Significance and Precision: The analyses specified will use a 5% significance level with 95% confidence intervals. Given the previous evidence in this area,10 and the clear hypotheses that are being examined, one-tailed significance testing will be adopted. To reduce multiple testing, significance tests for measures with multiple sub-scores will use global tests with multiple degrees of freedom.

Model checking: For models assuming continuous responses Q-Q plots of residuals will be examined.

First phase analysis - immediate post-treatment outcomes
Analysis 1 will focus initially on the primary outcome measure (autism symptoms) through an investigation of AOSI Total Scores at Follow-up Assessment 1. The Follow-up Assessment 1 AOSI Total Score (dependent variable) is a continuous variable and will be analysed using regression, with intervention group (iBASIS-VIPP vs. treatment as usual) as the independent variable of interest, and covarying for baseline AOSI Total Score (ANCOVA framework).

Further analyses will focus on the trial’s secondary outcome variables at follow-up 1.

MACI
The following MACI scores will be investigated: Caregiver sensitive responsiveness, caregiver nondirectiveness, infant attentiveness, and infant positive affect.

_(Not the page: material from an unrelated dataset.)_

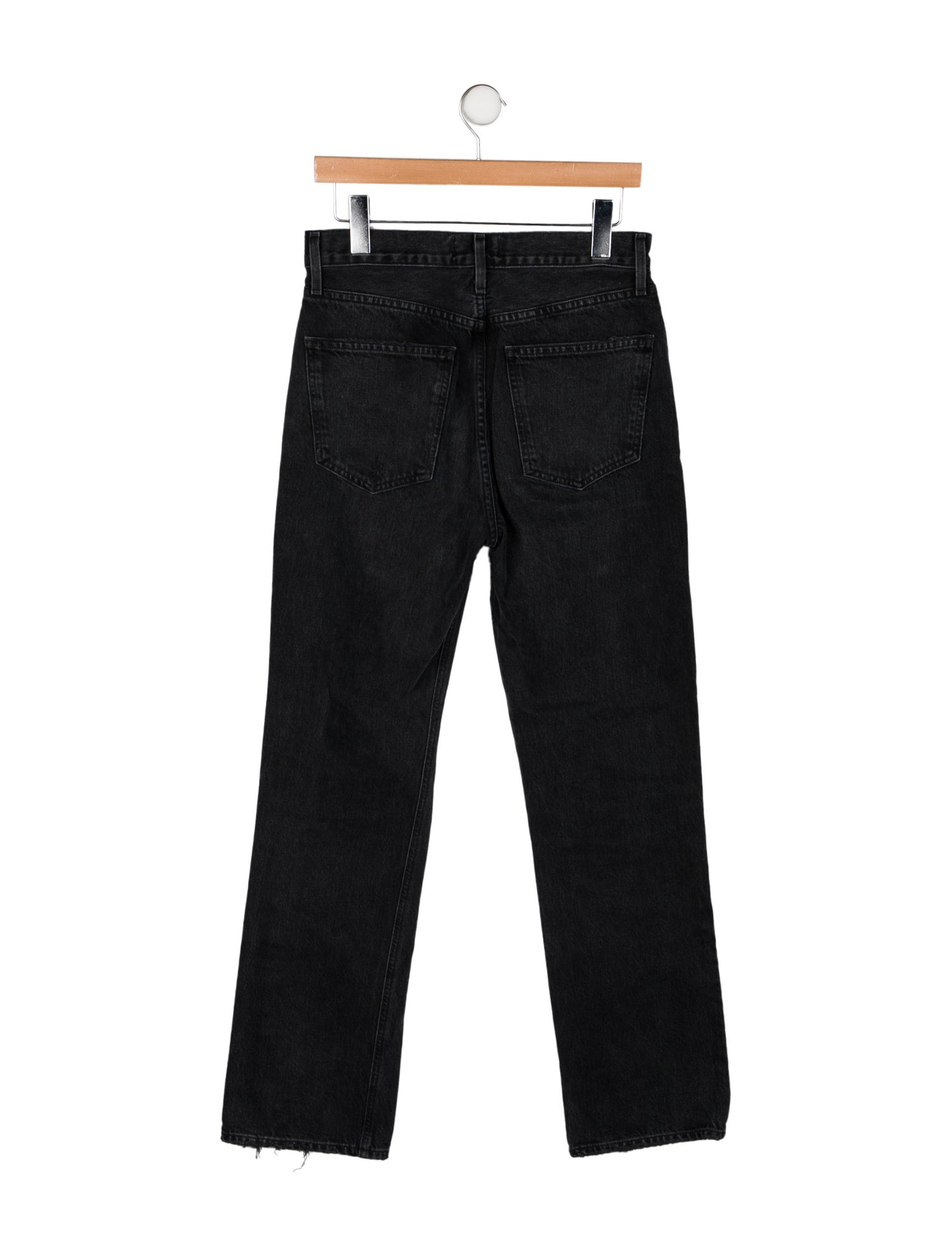 AGOLDE High-Rise Straight Leg Jeans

These will be analysed as a four-outcome regression using an estimating equations approach with unstructured working correlation matrix (equivalent to MANOVA in complete data case) with a 4df significance test reported, again with (iBASIS-VIPP vs. TAU) as the independent variable, and covarying for baseline measures.

MSEL Receptive Language, Expressive Language, Visual Reception, and Fine Motor subscales
The distribution of the endpoint T-scores on the Receptive Language, Expressive Language, Visual Reception, and Fine Motor subscales will be examined for evidence of floor effects. In their absence, these variables will be analysed as a two-outcome regression using an estimating equations approach with unstructured working correlation matrix (equivalent to MANOVA in complete data case) with a 2df significance test reported, again with treatment group (iBASIS-VIPP vs. TAU) as the independent variable of interest, and covarying for baseline measures. Where floor effects are evident – even for raw scores – separate tobit regressions will be estimated. Analyses may or may not covary for baseline scores.

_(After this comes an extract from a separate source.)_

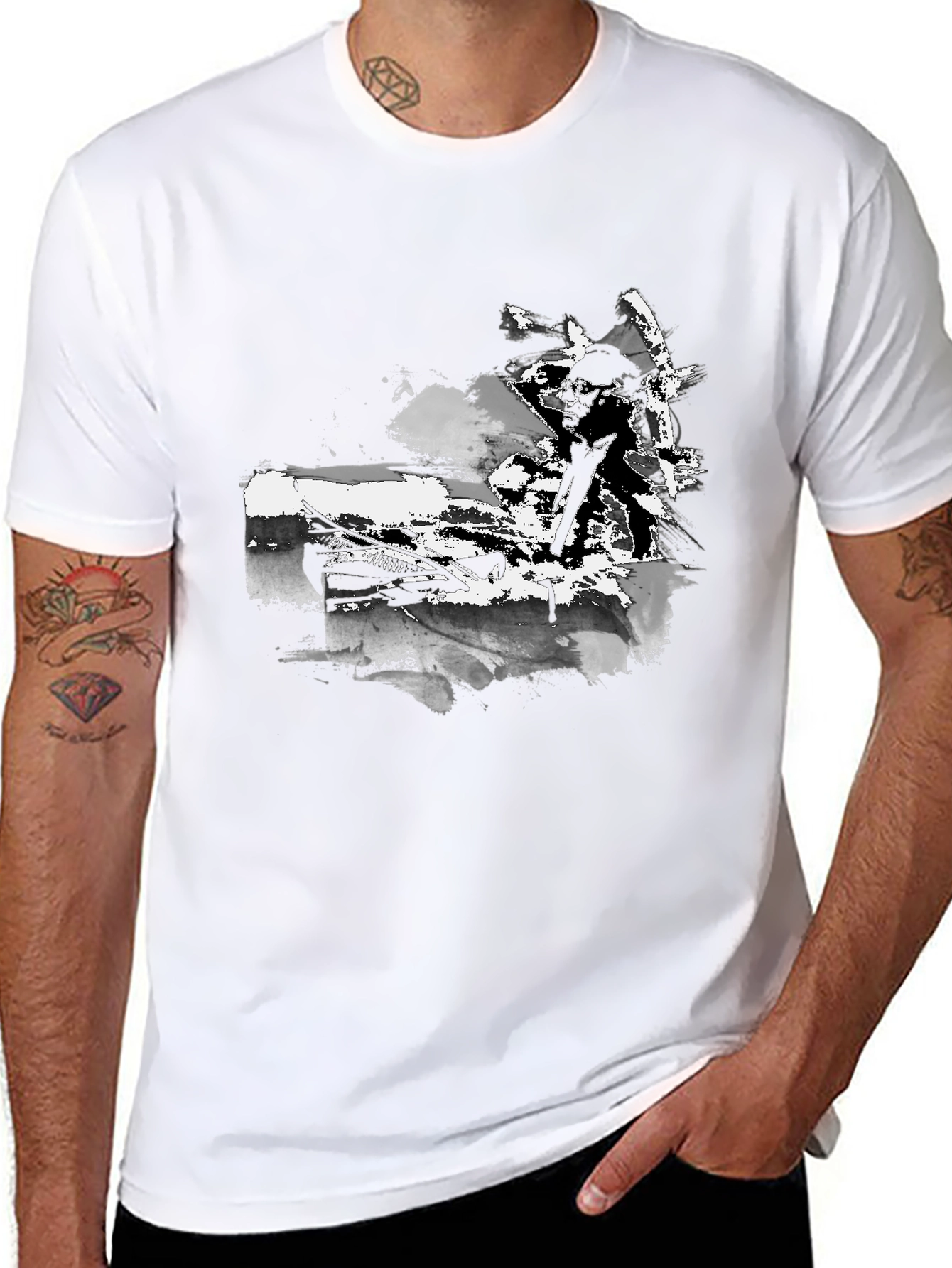 Mens Graphic Black T-Shirt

VABS-2 Communication and Socialization domains
The distribution of the endpoint VABS-2 Communication and Socialization domain Standard Scores will be examined for evidence of floor effects. In their absence, the Standard Scores will be analysed as a two-outcome regression using an estimating equations approach with unstructured working correlation matrix (equivalent to MANOVA in complete data case) with a 2df significance test reported. Where floor effects are evident, separate tobit regressions will be estimated, and analyses will not covary for baseline VABS-2 scores.

MCDI
Receptive Vocabulary Count, Expressive Vocabulary Count, Total Gestures score
For receptive and expressive vocabulary counts, analysis will follow the same pattern as for MSEL. However, there will be no covariation for baseline scores. Total gesture score will be analysed as a continuous variable using ANCOVA, with intervention group (iBASIS-VIPP vs. treatment as usual) as the independent variable, and covarying for baseline total score.

PSOC
Parenting Satisfaction, Efficacy and Interest subscales
The three PSOC subscales will be analyzed as a three-outcome regression using an estimating equations approach with unstructured working correlation matrix (equivalent to MANOVA in complete data case) with a 3df significance test reported, covarying for baseline.

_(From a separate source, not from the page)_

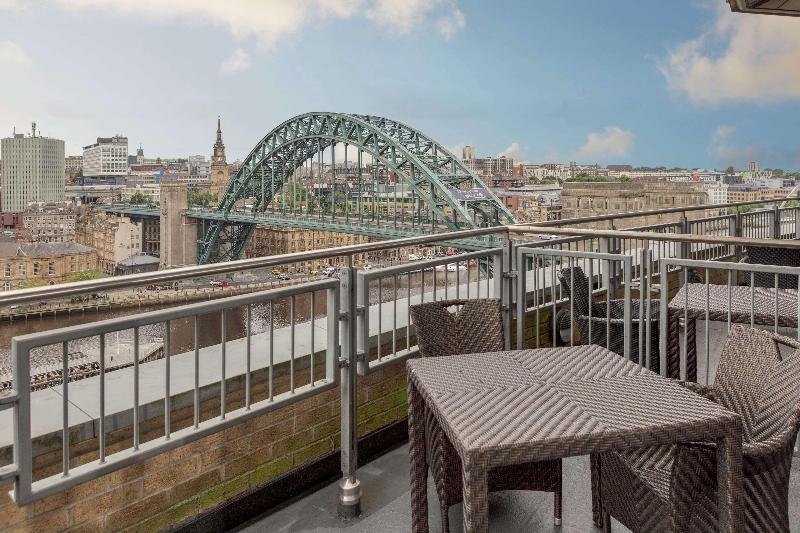 Двухместный номер Standard с балконом Hilton Newcastle Gateshead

Second phase analysis – medium-term post-treatment outcomes
Analysis of the primary outcome (autism symptoms) will follow a procedure described in Green et al. (2017), which combines treatment effect estimates assessed using different tools across time to measure a related outcome, this being the Follow-up Assessment 1 (AOSI Total Score), Follow-up Assessment 2 (ADOS-2 Total Algorithm score) and follow up assessment 3 (ADOS-2 Total Algorithm Score) data using Seemingly Unrelated Regressions11 estimated by maximum likelihood using the SEM procedure using the mlmv option in Stata12, or equivalent packages in R. This method allows a set of treatment effect regressions to have different error variances and different predictors but nonetheless recognises that the regressions involve the same participants and adjusts for their correlation. Combining occasion-specific estimates of treatment effect can give increased power, not least because it improves the reliability of the post-treatment characterisation.

A Cohen’s d effect size for each measure will be calculated using the within-group standard deviation of the outcome at each assessment occasion. Each analysis will covary for relevant baseline measure value, in addition to key prespecified variables of site, age-at-assessment and treatment group assignment. The mlmv method option uses a full-information maximum likelihood estimator in which records with missing outcomes are included in the analysis and treated under an assumption of missing at random. To summarise the treatment group differences in a principled fashion, the multiple point estimates will be combined into an area between the curves. A Wald test for this estimated area will be calculated from the individual effect estimates and their parameter covariance using the lincom procedure. Confidence intervals for area effect sizes will also be obtained by boot-strapping, resampling participants with replacement.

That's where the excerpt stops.